The NHS is still bringing in armies of doctors in from overseas. This is almost certainly saving money as it has created a hidden army of under-employed, relatively low paid doctors living from one short term contract to another. Some will be those whose initial contracts have come to an end, but increasing numbers have been through UK medical schools. (One Cambridge graduate we know is in a similar position. He locumed for a year, then got a year long fellowship in his preferred speciality at a London teaching hospital. Unfortunately he did not get into training and budget cuts meant that the role he hoped to move onto was cancelled so has been forced to take a short term contract abroad.)
DD is lucky. She has a great job in Australia to look forward to. A year's rotational contract in a major hospital group in a state capital in her preferred speciality. Seven out of the 11 are Australian, the remainder are Brits. She knows seven from her deanery and six from her medical school all headed to the same hospital in the same city. More than she knows who got onto to UK training in any speciality anywhere in the UK. Within the year her deanery stand to lose 25% of her year group to Australia alone.

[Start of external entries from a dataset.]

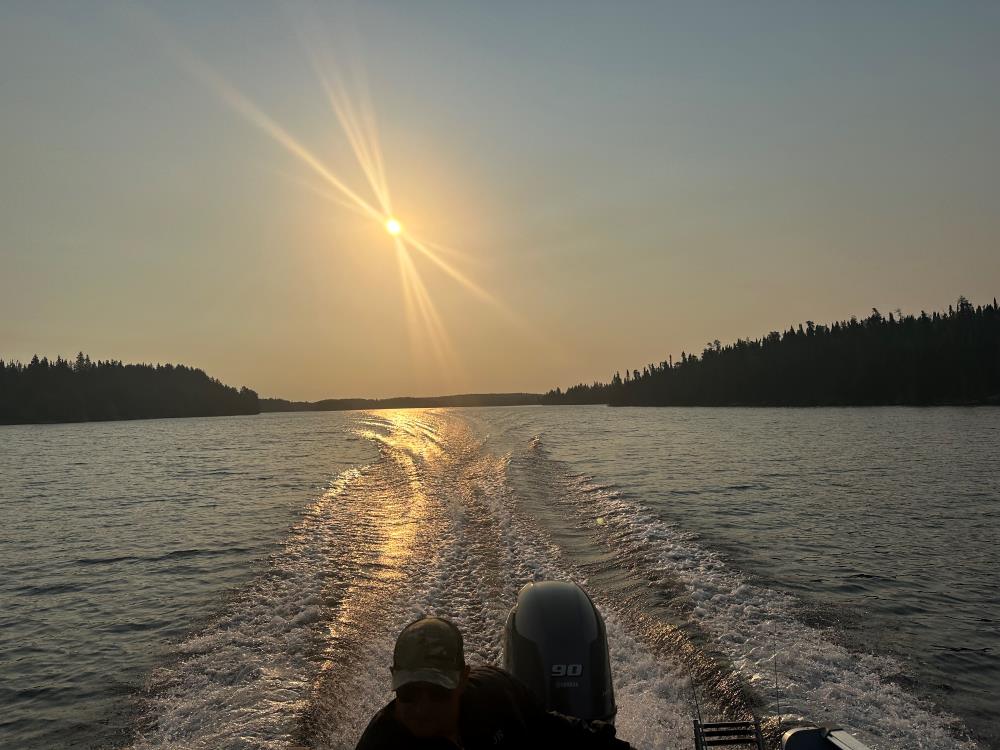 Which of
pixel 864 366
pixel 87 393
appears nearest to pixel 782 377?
pixel 864 366

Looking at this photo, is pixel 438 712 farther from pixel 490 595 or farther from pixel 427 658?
pixel 490 595

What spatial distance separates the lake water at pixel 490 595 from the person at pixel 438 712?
Result: 11.6 feet

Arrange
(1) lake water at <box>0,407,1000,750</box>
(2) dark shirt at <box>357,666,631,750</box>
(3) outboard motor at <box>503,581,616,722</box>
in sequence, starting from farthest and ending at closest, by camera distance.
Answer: (1) lake water at <box>0,407,1000,750</box> < (3) outboard motor at <box>503,581,616,722</box> < (2) dark shirt at <box>357,666,631,750</box>

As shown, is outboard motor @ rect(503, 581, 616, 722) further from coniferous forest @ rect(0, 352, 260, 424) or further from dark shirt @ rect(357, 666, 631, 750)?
coniferous forest @ rect(0, 352, 260, 424)

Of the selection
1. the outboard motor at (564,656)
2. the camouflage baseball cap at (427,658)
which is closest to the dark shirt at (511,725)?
the camouflage baseball cap at (427,658)

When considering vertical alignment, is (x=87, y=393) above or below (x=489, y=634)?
above

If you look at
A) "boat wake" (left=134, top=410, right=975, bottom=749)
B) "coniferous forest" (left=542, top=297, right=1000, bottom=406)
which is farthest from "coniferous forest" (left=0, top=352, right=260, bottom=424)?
"boat wake" (left=134, top=410, right=975, bottom=749)

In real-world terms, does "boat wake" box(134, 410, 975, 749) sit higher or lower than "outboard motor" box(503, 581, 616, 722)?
lower

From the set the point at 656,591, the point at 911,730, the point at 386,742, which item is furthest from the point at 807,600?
the point at 386,742

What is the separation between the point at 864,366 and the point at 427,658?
462 ft

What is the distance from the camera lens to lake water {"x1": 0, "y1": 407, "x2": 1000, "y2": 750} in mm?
6977

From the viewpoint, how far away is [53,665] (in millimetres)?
8977

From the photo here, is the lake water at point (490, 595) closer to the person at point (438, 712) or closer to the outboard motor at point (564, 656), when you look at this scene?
the outboard motor at point (564, 656)

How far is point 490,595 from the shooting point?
11.1m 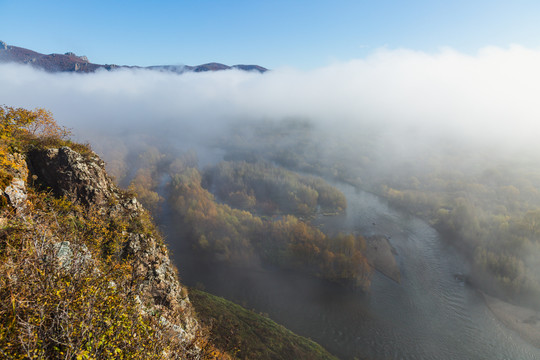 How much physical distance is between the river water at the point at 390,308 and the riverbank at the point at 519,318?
1.17 meters

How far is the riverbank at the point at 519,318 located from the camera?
37.5 meters

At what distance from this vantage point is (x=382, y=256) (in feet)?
190

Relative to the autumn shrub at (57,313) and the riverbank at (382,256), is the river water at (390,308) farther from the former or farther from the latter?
the autumn shrub at (57,313)

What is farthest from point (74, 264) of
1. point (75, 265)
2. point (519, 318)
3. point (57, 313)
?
point (519, 318)

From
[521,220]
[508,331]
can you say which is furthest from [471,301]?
[521,220]

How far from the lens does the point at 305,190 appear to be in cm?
9938

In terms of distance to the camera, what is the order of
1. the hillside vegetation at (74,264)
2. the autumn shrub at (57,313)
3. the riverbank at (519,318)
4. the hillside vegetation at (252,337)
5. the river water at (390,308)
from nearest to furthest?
the autumn shrub at (57,313) < the hillside vegetation at (74,264) < the hillside vegetation at (252,337) < the river water at (390,308) < the riverbank at (519,318)

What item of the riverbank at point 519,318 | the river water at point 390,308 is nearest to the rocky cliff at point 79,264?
the river water at point 390,308

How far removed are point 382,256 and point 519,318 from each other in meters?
23.9

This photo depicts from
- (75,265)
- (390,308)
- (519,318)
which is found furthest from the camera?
(390,308)

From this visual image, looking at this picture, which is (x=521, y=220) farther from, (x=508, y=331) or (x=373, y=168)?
(x=373, y=168)

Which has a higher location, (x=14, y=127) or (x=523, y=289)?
(x=14, y=127)

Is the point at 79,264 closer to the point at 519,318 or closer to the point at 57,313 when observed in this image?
the point at 57,313

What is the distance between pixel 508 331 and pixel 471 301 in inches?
254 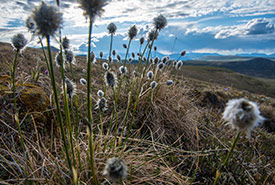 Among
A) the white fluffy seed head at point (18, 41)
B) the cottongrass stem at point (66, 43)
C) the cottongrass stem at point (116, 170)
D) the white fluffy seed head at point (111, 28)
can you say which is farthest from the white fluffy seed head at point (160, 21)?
the cottongrass stem at point (116, 170)

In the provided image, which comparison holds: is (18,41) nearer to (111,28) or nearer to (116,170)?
(111,28)

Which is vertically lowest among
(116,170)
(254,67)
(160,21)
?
(254,67)

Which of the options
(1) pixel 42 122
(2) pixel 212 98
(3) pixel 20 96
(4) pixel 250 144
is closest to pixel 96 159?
(1) pixel 42 122

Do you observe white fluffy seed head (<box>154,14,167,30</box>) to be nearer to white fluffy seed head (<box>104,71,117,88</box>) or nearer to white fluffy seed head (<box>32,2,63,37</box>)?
white fluffy seed head (<box>104,71,117,88</box>)

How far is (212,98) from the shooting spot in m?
6.89

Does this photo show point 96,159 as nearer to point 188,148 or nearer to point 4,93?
point 188,148

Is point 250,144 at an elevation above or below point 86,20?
below

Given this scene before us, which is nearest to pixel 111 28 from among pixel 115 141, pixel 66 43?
pixel 66 43

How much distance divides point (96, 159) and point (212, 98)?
6.08 meters

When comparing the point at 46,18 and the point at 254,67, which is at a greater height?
the point at 46,18

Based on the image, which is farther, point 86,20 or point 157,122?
point 157,122

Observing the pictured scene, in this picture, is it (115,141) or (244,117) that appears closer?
(244,117)

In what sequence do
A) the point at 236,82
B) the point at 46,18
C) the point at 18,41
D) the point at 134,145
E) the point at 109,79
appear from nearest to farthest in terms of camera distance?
the point at 46,18, the point at 18,41, the point at 109,79, the point at 134,145, the point at 236,82

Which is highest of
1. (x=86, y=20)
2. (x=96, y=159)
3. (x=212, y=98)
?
(x=86, y=20) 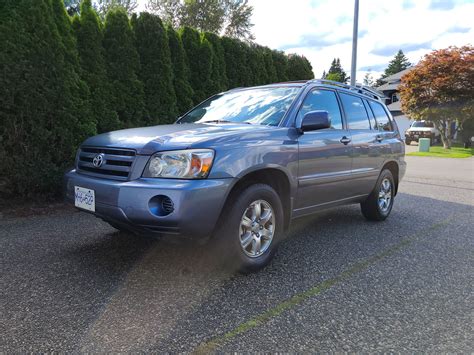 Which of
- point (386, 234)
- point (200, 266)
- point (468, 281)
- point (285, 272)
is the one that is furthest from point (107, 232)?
point (468, 281)

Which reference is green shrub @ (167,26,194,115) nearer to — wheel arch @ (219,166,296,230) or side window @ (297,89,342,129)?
side window @ (297,89,342,129)

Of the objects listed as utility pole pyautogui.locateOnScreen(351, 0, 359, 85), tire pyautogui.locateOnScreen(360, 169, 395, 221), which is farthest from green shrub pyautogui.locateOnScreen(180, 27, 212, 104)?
utility pole pyautogui.locateOnScreen(351, 0, 359, 85)

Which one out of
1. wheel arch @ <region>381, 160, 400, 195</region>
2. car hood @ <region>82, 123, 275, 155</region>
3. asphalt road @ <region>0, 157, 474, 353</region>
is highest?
car hood @ <region>82, 123, 275, 155</region>

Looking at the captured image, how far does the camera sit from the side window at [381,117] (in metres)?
5.66

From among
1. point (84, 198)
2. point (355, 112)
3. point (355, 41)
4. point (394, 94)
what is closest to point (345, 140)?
point (355, 112)

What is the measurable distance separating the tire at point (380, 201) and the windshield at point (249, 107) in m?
2.07

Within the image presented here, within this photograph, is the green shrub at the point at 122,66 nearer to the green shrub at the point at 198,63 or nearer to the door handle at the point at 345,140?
the green shrub at the point at 198,63

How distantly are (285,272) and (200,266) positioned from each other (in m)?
0.77

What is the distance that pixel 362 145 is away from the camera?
4945 mm

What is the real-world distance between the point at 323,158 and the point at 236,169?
1.35 meters

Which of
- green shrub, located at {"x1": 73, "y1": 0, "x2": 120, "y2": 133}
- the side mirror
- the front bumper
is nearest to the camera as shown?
the front bumper

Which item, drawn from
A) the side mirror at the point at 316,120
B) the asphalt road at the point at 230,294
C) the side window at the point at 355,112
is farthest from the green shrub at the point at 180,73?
the side mirror at the point at 316,120

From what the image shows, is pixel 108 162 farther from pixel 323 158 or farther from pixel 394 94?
pixel 394 94

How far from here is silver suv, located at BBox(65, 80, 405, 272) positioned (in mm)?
2965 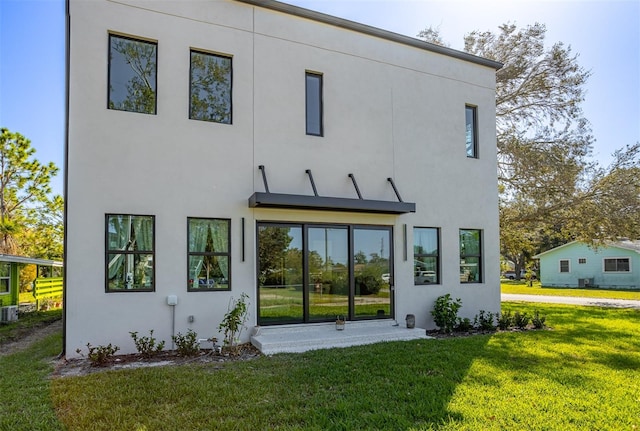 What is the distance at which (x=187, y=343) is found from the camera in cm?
757

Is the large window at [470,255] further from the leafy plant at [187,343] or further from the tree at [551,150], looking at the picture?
the tree at [551,150]

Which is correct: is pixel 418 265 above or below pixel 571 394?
above

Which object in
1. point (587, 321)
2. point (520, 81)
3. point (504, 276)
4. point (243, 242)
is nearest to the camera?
point (243, 242)

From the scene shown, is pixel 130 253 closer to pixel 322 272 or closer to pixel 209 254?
pixel 209 254

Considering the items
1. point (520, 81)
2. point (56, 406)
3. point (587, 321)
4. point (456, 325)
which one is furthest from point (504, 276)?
point (56, 406)

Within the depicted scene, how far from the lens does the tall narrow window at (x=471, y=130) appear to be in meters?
11.5

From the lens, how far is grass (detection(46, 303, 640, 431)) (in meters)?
4.50

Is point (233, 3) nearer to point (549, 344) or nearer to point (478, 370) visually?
point (478, 370)

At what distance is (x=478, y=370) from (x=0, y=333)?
10.6 m

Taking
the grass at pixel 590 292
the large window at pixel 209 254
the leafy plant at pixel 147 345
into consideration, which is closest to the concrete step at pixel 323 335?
the large window at pixel 209 254

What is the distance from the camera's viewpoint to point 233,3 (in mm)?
8758

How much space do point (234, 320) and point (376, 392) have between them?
3319 mm

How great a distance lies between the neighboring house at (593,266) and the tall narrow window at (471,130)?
21.1 m

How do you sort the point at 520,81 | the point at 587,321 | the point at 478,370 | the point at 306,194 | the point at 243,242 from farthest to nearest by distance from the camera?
the point at 520,81
the point at 587,321
the point at 306,194
the point at 243,242
the point at 478,370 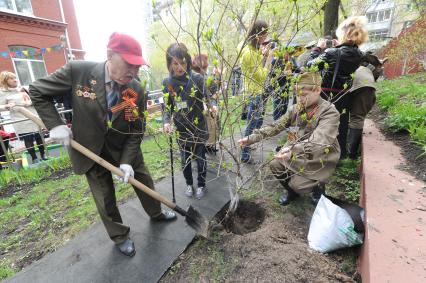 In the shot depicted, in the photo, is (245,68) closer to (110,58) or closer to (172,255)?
(110,58)

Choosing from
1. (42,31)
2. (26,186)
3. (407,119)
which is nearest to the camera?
(407,119)

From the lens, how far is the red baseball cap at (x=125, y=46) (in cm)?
194

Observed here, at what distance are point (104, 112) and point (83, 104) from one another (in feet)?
0.58

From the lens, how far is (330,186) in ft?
9.73

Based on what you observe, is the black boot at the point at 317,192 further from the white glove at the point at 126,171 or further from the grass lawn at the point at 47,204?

As well as the tremendous waste of tax payer money, this approach to work force planning may be keeping the NHS going in the short term, but suggests disaster in the medium to long term.
If she does well she can apply for specialist training after a year. Unfortunately that then risks a bit of a one-way journey as, apparently due to BMA opposition, we do not recognise Australian qualifications, even though the training is practically identical. Returnees have to spend years of applying for equivalency. So same-old, same-old. If she wanted to come back she could not be appointed to an NHS role but, because we are short of consultants, there will probably be a locum job somewhere.